My sense has been that it is a good time to buy some stocks. The crisis in Europe comes and goes by the day as an explanation for sharp swings in stock prices, and it should be fairly well discounted by now. A more recent concern is that slow economic growth in Europe and the U.S. will lead to lower profits than had been expected.
This second concern is one that has troubled me since the reporting of second quarter earnings. My analysis of cash generation by companies in various sectors revealed that there has been a marked deterioration in cash generation by companies, almost regardless of whether the sector was highly economically sensitive. Of course, companies that are more economically sensitive have had a larger deterioration in cash generation. And remember, it is cash generation--not reported accounting profits--that determines the value of a business, public or private.
Despite this concern, I've thought that current levels are good entry points for a number of stocks, for several reasons. Market sentiment has been nearly as depressed as it was at the major market low in March, 2009 (before the market roughly doubled). In addition, the VIX Index of option volatility recently exceeded 45 as well, a high level that has been associated with at least interim market lows. Further evidence of depressed sentiment is the level of short positions on the NYSE, which were recently the highest since March, 2009.

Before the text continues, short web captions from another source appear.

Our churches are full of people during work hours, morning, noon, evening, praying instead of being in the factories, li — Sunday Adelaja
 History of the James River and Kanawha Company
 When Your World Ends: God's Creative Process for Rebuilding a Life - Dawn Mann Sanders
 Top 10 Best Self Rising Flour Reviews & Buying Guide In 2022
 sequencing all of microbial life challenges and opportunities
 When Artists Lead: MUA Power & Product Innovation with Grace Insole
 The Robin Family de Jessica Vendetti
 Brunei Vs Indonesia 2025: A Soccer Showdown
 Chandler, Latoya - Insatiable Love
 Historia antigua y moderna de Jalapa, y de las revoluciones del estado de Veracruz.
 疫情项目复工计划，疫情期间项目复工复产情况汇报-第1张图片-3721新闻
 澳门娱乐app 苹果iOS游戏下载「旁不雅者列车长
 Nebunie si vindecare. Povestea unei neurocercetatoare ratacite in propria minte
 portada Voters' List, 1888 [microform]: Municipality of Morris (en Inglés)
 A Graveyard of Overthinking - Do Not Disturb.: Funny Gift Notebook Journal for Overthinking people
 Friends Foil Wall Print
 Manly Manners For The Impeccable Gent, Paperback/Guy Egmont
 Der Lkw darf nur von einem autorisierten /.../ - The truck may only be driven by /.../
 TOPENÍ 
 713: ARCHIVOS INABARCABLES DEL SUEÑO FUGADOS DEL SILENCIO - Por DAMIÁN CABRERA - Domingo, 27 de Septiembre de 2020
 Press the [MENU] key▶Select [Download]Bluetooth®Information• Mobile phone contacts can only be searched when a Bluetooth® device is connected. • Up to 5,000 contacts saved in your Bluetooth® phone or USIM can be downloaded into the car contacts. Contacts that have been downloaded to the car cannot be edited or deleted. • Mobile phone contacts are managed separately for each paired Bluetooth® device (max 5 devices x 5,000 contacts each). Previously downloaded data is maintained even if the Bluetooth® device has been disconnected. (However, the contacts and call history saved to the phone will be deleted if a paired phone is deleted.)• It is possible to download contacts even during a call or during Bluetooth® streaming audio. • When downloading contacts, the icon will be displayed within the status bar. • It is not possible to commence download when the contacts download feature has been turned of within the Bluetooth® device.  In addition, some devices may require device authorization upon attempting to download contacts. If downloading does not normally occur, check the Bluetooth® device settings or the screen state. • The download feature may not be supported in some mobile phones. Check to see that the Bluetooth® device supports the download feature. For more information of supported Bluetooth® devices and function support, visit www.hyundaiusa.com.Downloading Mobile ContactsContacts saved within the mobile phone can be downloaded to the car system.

Technically, the market is oversold after its sharp fall. The percent of S & P 500 stocks that are above their 200-day moving average is exceptionally low, almost as low as in March, 2009. Finally, earnings-based valuations are attractive, as the S & P 500 was recently at 10.7 times forward earnings estimates, which was lower than in March, 2009 (though estimates are likely too high).
Earnings-based estimates are problematic in my view, at least when using single-year earnings. When profit margins are near all-time highs, earnings are likely near peak levels. In addition, analyst estimates tend to be too optimistic, and even with recent reductions, are likely still too optimistic for 2012. A cautionary point is that at the market low in March 2009, the estimated change in S & P 500 earnings for the coming year was a 20% decline; now it is a 15% gain.
In addition to my concerns about excessive earnings estimates, there has been technical deterioration in the market's condition. The rising trend going back to March, 2009 has been broken.
After weighing these pros and cons for the market, I still favor drawing down cash reserves for purchases at current levels. Again, this presumes that one has significant cash reserves and that stocks are below one's long-term, strategic target portfolio allocation. If one waits until the news is good, stock prices will likely already have moved significantly higher by then.